INSTRUCTIONS TO FOLLOW: Please write out exactly the lines of the data below from the line holding "制作ppt的常用软件,落明版良汇解_解剖版GFH5" through the line holding "埼玉西武ライオンズ 対 東北楽天ゴールデンイーグルス", and leave out the rest.
GIVEN RECORDS section start
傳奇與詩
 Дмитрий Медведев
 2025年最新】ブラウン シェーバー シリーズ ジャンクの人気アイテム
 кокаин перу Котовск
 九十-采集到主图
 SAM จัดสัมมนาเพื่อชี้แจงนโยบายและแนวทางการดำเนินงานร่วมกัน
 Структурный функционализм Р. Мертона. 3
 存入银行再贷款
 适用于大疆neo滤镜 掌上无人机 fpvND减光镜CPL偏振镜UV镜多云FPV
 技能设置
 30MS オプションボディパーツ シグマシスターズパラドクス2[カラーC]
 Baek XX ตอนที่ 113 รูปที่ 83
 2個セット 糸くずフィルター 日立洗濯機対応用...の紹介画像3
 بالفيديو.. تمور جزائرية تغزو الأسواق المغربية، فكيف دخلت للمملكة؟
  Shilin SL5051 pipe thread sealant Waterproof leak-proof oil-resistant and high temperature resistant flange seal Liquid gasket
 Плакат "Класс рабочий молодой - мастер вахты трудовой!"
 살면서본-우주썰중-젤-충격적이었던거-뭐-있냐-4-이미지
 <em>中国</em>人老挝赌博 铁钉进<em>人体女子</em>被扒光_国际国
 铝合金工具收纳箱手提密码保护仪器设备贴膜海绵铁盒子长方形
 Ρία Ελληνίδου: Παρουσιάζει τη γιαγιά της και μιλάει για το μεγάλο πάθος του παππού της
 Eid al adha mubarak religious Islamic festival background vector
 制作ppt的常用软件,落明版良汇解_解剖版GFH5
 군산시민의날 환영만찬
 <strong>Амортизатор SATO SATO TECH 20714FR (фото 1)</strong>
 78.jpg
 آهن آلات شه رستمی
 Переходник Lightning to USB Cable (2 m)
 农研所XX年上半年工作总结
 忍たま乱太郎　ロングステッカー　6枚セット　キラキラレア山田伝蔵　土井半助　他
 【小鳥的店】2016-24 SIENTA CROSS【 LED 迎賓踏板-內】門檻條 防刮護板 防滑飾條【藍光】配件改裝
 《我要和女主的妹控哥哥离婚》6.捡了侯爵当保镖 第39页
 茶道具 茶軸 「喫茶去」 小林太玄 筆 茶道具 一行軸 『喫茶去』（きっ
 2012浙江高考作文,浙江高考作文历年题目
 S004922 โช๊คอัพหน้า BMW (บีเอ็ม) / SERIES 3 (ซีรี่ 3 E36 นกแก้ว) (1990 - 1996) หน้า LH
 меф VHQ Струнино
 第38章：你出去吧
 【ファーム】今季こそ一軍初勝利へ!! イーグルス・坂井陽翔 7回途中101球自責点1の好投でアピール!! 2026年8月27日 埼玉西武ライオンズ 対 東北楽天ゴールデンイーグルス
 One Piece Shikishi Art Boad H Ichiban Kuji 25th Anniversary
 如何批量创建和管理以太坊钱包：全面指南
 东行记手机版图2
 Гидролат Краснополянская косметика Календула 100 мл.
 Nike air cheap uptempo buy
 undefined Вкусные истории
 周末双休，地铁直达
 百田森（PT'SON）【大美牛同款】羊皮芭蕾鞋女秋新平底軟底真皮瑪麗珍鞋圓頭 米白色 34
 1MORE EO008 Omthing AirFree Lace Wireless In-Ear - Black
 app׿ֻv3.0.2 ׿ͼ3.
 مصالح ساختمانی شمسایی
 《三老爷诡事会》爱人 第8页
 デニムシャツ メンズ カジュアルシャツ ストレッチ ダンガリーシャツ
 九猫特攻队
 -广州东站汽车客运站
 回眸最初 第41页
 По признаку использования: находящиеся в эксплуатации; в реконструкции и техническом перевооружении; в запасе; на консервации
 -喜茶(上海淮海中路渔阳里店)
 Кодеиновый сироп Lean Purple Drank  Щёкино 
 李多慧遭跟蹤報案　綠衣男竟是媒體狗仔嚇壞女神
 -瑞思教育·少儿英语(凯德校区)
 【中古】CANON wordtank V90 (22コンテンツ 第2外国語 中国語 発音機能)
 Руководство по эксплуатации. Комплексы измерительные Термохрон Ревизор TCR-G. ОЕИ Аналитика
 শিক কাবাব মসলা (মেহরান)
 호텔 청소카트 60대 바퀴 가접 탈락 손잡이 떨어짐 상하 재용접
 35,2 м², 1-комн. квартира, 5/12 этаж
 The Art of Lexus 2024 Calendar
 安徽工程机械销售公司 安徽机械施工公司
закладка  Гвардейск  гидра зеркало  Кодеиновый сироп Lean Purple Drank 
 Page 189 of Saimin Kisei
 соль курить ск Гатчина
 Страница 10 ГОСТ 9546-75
GIVEN RECORDS section end
FINISHED TASK:
 制作ppt的常用软件,落明版良汇解_解剖版GFH5
 군산시민의날 환영만찬
 <strong>Амортизатор SATO SATO TECH 20714FR (фото 1)</strong>
 78.jpg
 آهن آلات شه رستمی
 Переходник Lightning to USB Cable (2 m)
 农研所XX年上半年工作总结
 忍たま乱太郎　ロングステッカー　6枚セット　キラキラレア山田伝蔵　土井半助　他
 【小鳥的店】2016-24 SIENTA CROSS【 LED 迎賓踏板-內】門檻條 防刮護板 防滑飾條【藍光】配件改裝
 《我要和女主的妹控哥哥离婚》6.捡了侯爵当保镖 第39页
 茶道具 茶軸 「喫茶去」 小林太玄 筆 茶道具 一行軸 『喫茶去』（きっ
 2012浙江高考作文,浙江高考作文历年题目
 S004922 โช๊คอัพหน้า BMW (บีเอ็ม) / SERIES 3 (ซีรี่ 3 E36 นกแก้ว) (1990 - 1996) หน้า LH
 меф VHQ Струнино
 第38章：你出去吧
 【ファーム】今季こそ一軍初勝利へ!! イーグルス・坂井陽翔 7回途中101球自責点1の好投でアピール!! 2026年8月27日 埼玉西武ライオンズ 対 東北楽天ゴールデンイーグルス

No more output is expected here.